+++ Exercise material
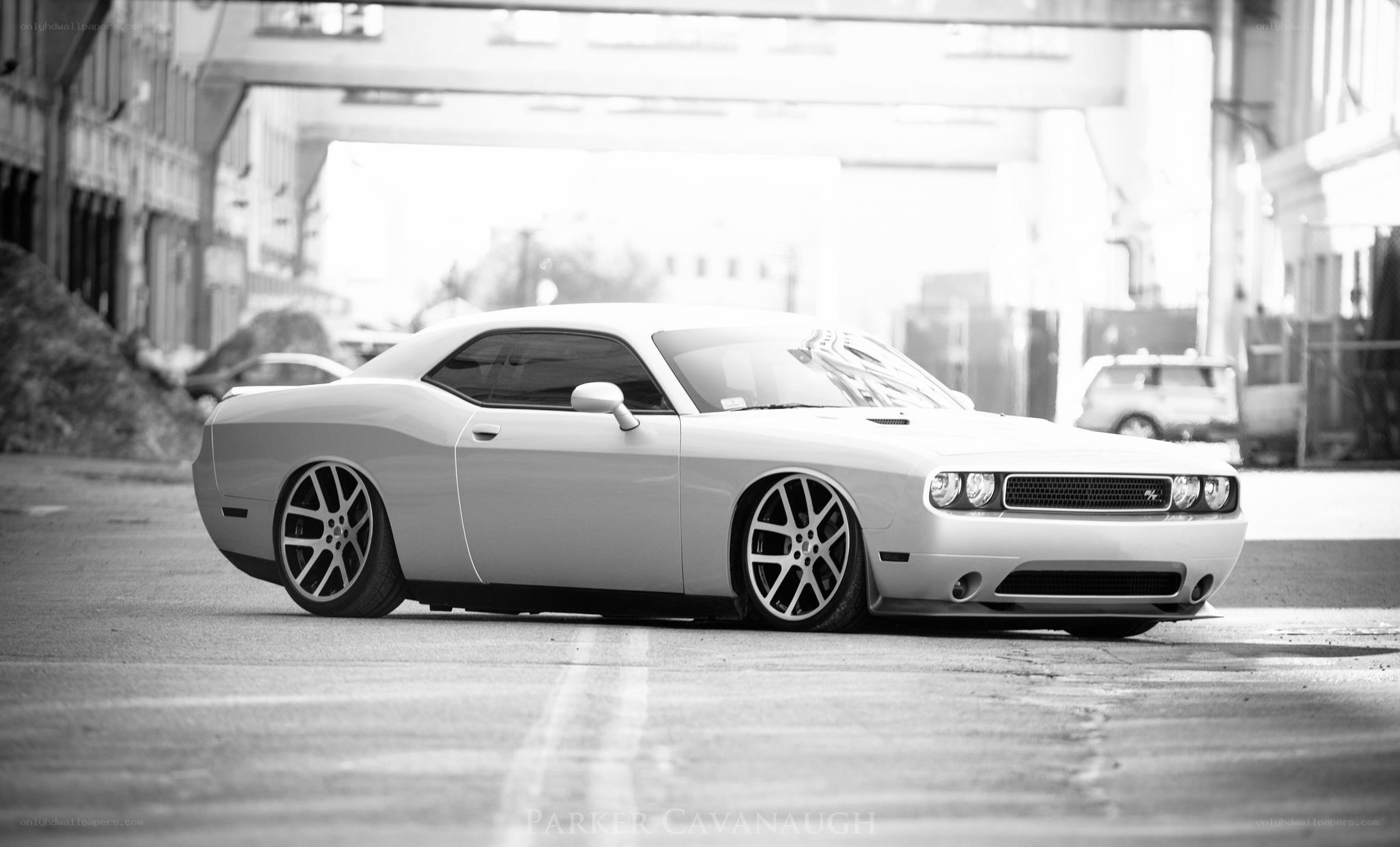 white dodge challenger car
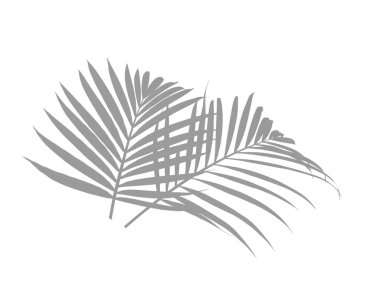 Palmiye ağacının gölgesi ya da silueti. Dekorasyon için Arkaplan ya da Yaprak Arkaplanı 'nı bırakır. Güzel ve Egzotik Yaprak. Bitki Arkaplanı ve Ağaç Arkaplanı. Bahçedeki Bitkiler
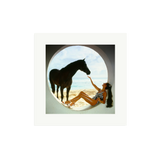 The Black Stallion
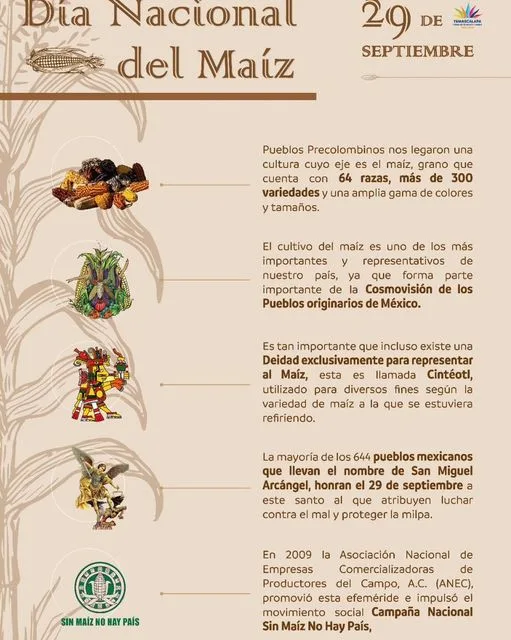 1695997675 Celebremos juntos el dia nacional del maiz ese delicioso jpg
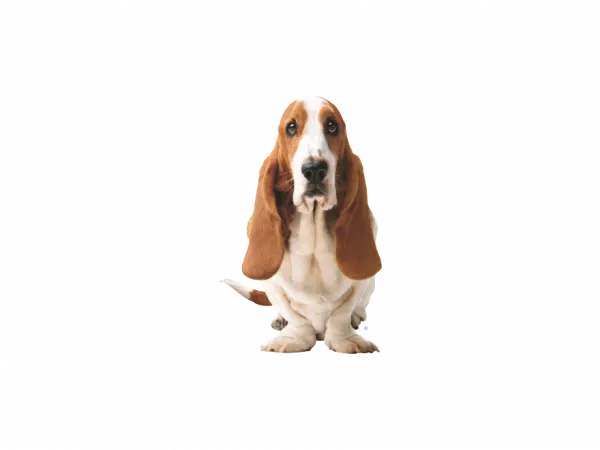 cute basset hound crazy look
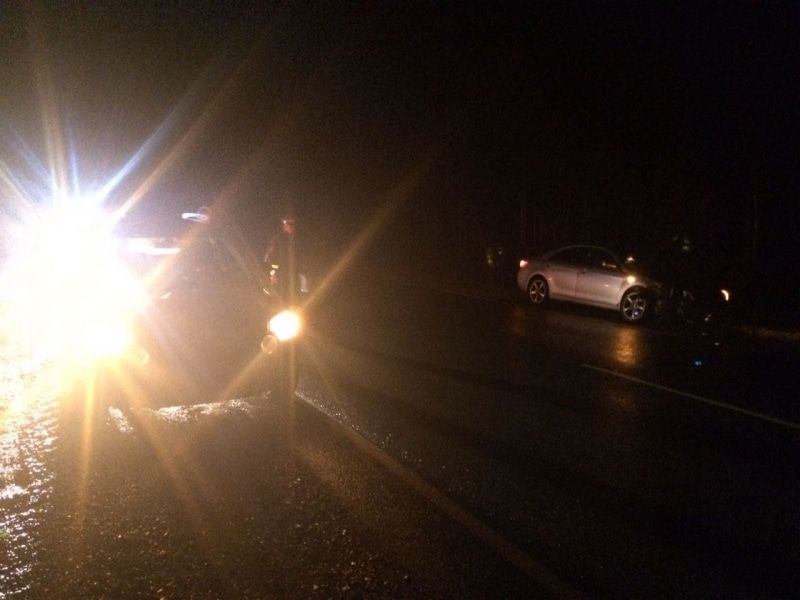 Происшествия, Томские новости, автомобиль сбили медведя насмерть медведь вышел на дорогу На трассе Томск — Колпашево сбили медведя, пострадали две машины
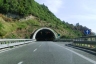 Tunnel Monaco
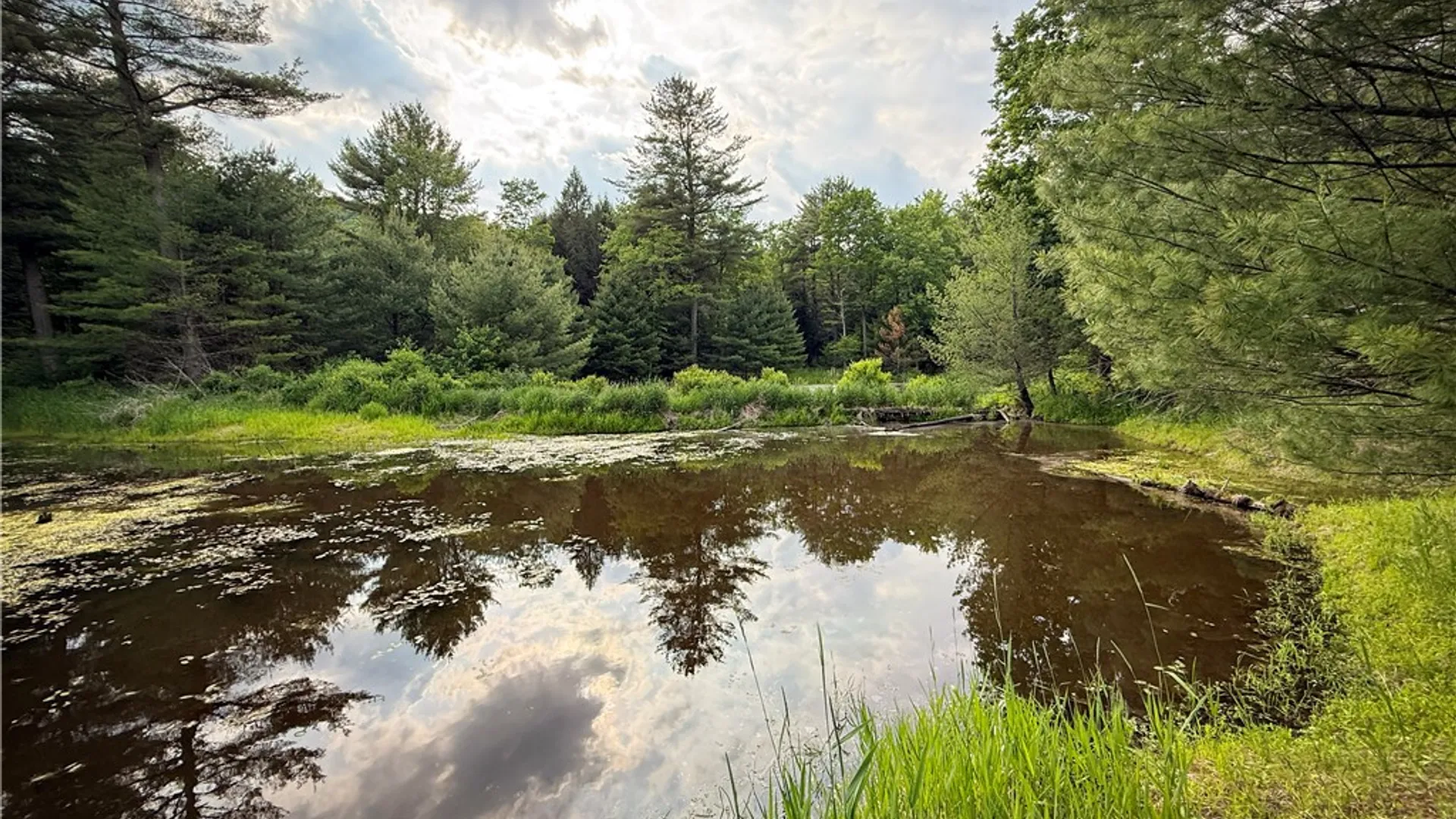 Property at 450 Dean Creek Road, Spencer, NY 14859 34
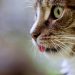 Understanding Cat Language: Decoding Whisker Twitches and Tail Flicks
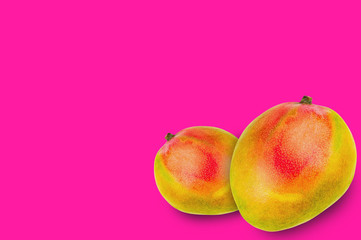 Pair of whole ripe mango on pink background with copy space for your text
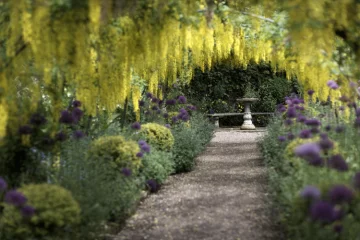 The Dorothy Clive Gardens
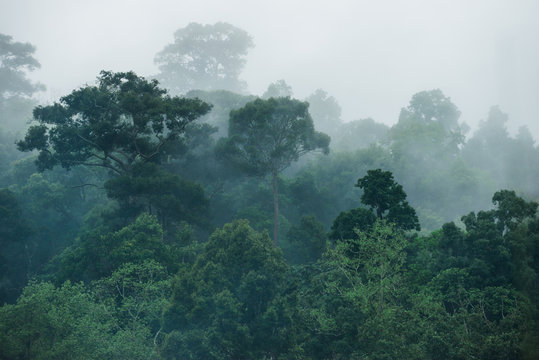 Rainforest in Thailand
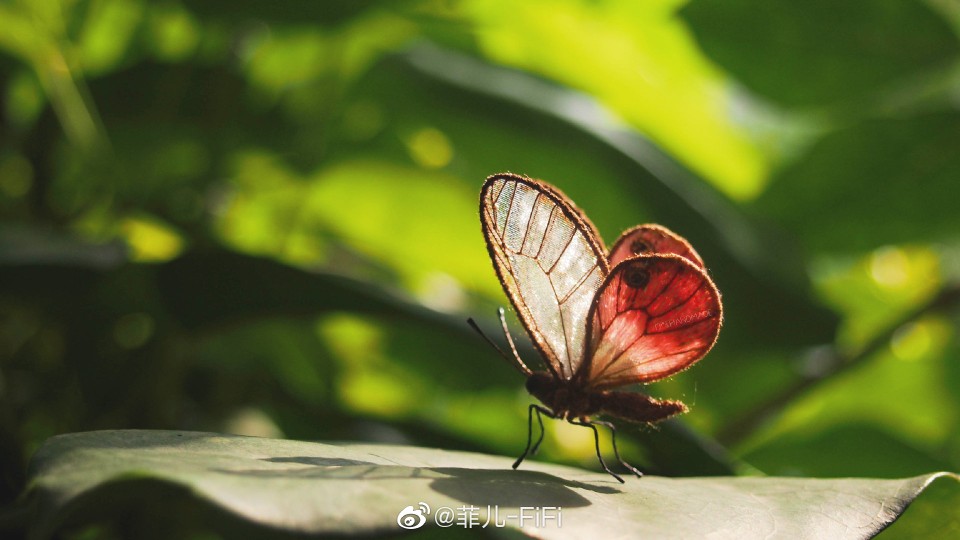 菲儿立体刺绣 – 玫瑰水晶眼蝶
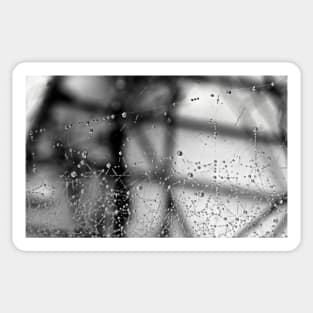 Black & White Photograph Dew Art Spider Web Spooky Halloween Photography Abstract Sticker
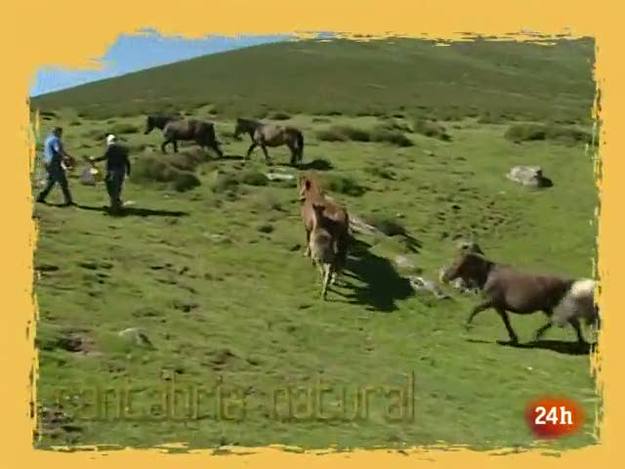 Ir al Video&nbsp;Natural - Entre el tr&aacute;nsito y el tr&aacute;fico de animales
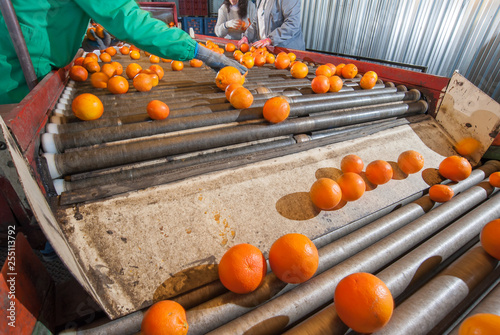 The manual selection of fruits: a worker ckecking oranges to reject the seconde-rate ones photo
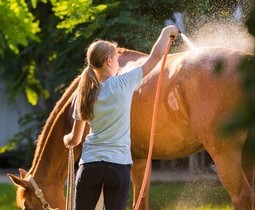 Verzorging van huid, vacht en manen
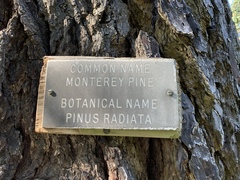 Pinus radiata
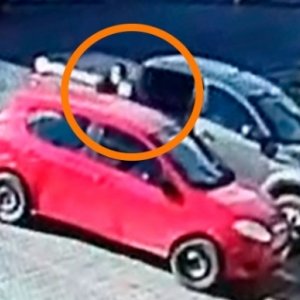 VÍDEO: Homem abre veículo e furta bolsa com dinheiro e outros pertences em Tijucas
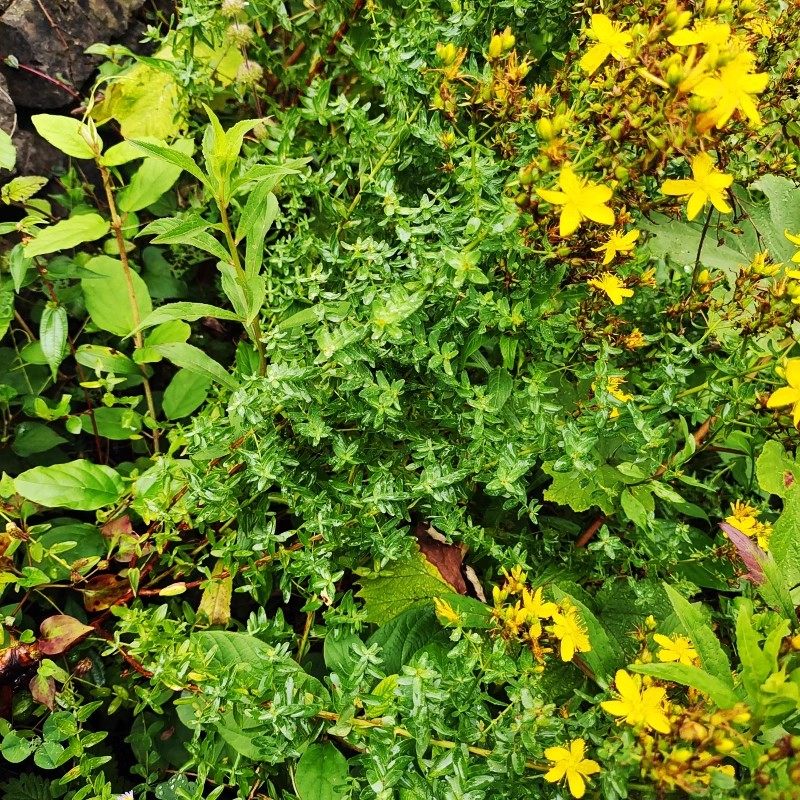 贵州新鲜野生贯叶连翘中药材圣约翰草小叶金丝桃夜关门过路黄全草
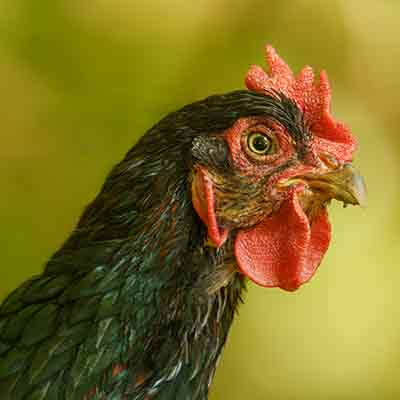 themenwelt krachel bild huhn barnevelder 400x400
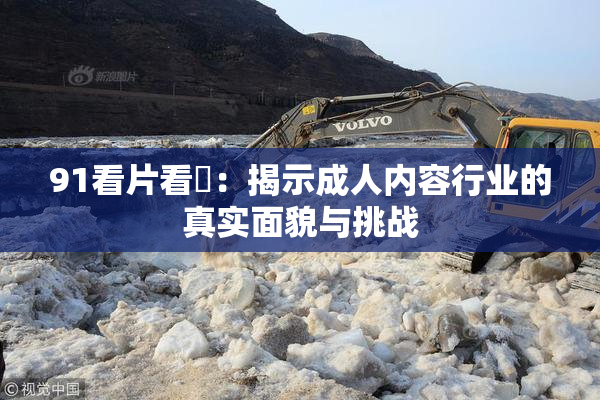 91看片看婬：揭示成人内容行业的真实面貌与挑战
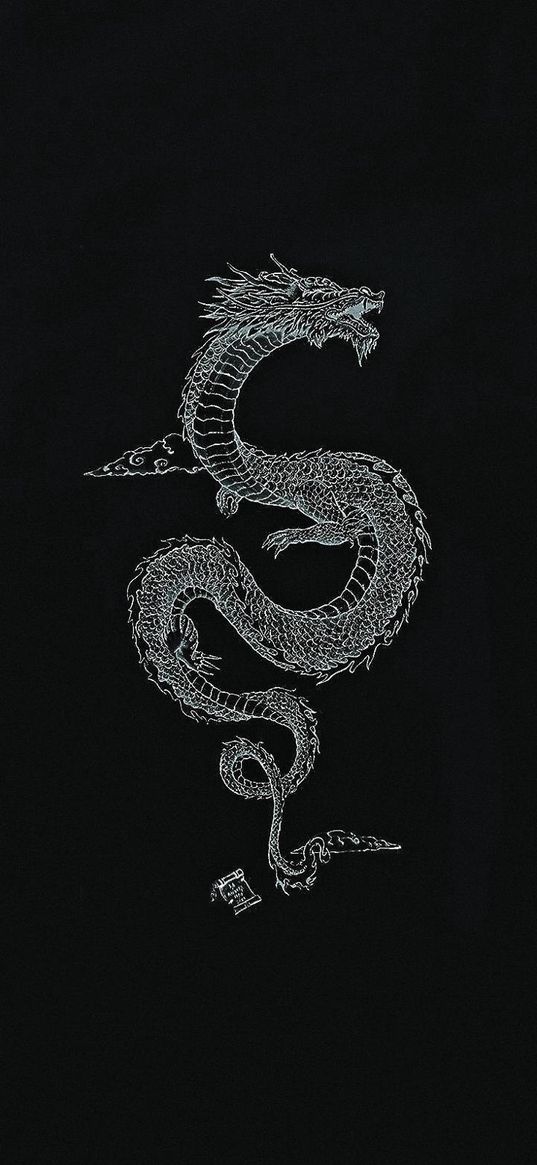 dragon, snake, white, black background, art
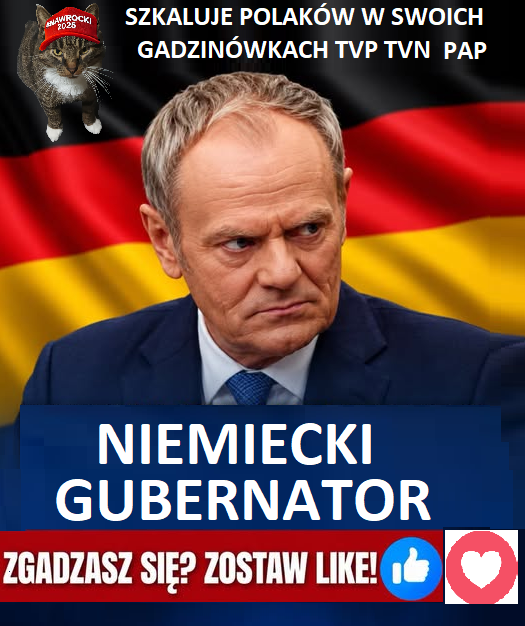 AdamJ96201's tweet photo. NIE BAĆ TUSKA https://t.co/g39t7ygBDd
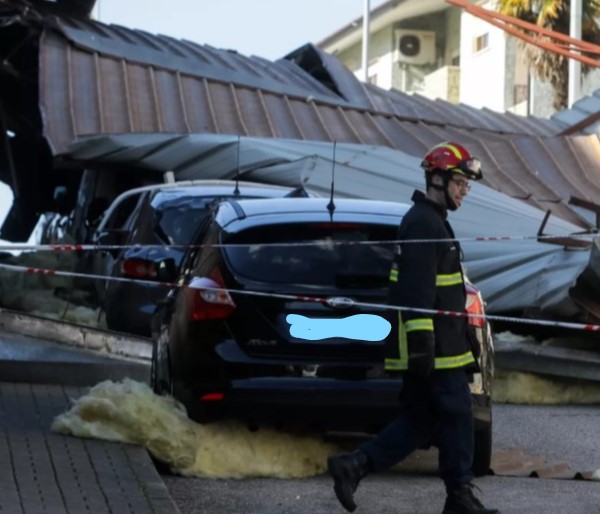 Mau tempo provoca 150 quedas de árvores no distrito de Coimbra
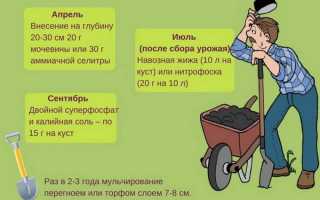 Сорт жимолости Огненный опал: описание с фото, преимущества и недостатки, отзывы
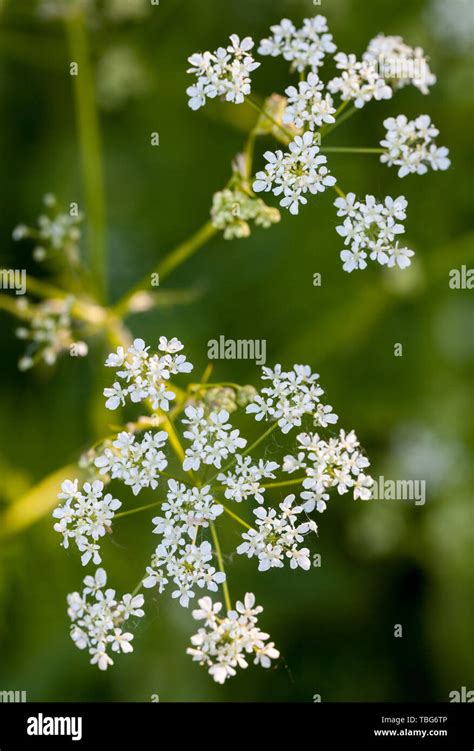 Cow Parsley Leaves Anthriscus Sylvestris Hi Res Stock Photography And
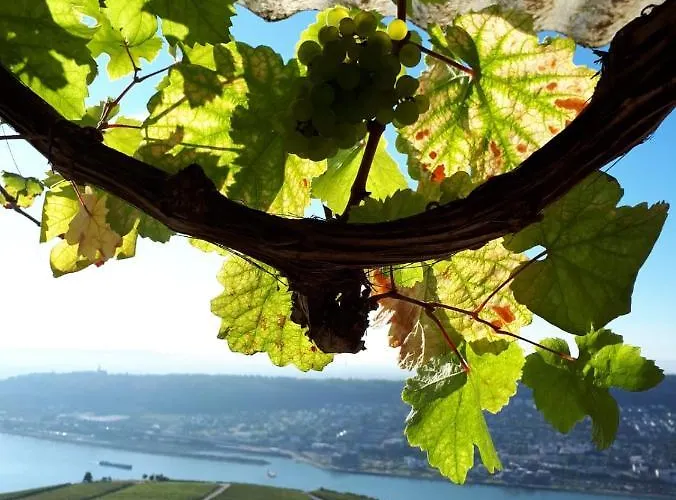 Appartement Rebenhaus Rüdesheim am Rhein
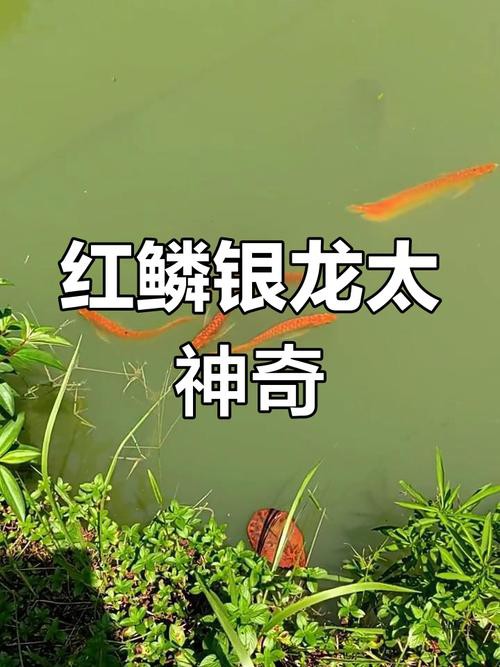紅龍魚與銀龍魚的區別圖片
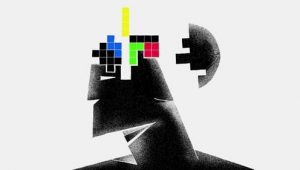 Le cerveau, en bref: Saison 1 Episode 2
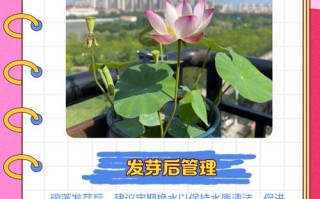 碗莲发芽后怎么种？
++++++
» Problem statement
Write out each line exactly, from the one containing "Cow Parsley Leaves" through the end of the entries, and skip the pictures.

» Task output
 Cow Parsley Leaves Anthriscus Sylvestris Hi Res Stock Photography And
 Appartement Rebenhaus Rüdesheim am Rhein
紅龍魚與銀龍魚的區別圖片
 Le cerveau, en bref: Saison 1 Episode 2
 碗莲发芽后怎么种？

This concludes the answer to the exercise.